*Recorded information*.
▬▬▬▬▬▬
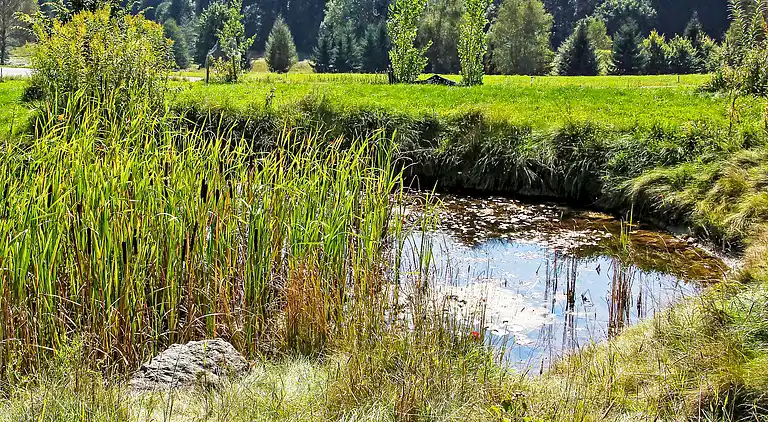 Semesterbostad i Velden am Wörthersee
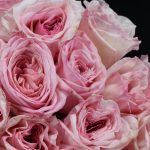 Rose Pink Ohara Flowers WA Perth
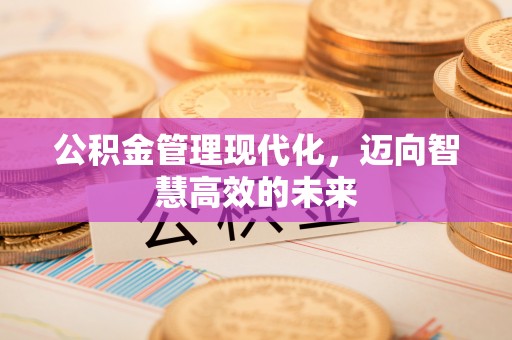 大溪公积金管理现代化，迈向智慧高效的未来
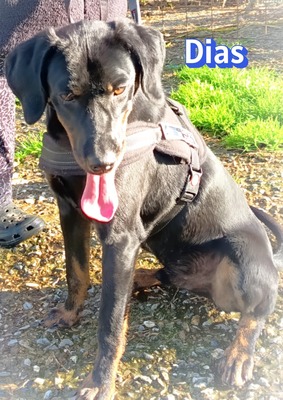 Dias, Bracke - Rüde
▬▬▬▬▬▬
*Task prompt*. Copy only this, please: the line with "Rose Pink Ohara Flowers WA Perth" and every line after it through the end of the data, with no pictures.

*Worked solution*.
 Rose Pink Ohara Flowers WA Perth
 大溪公积金管理现代化，迈向智慧高效的未来
 Dias, Bracke - Rüde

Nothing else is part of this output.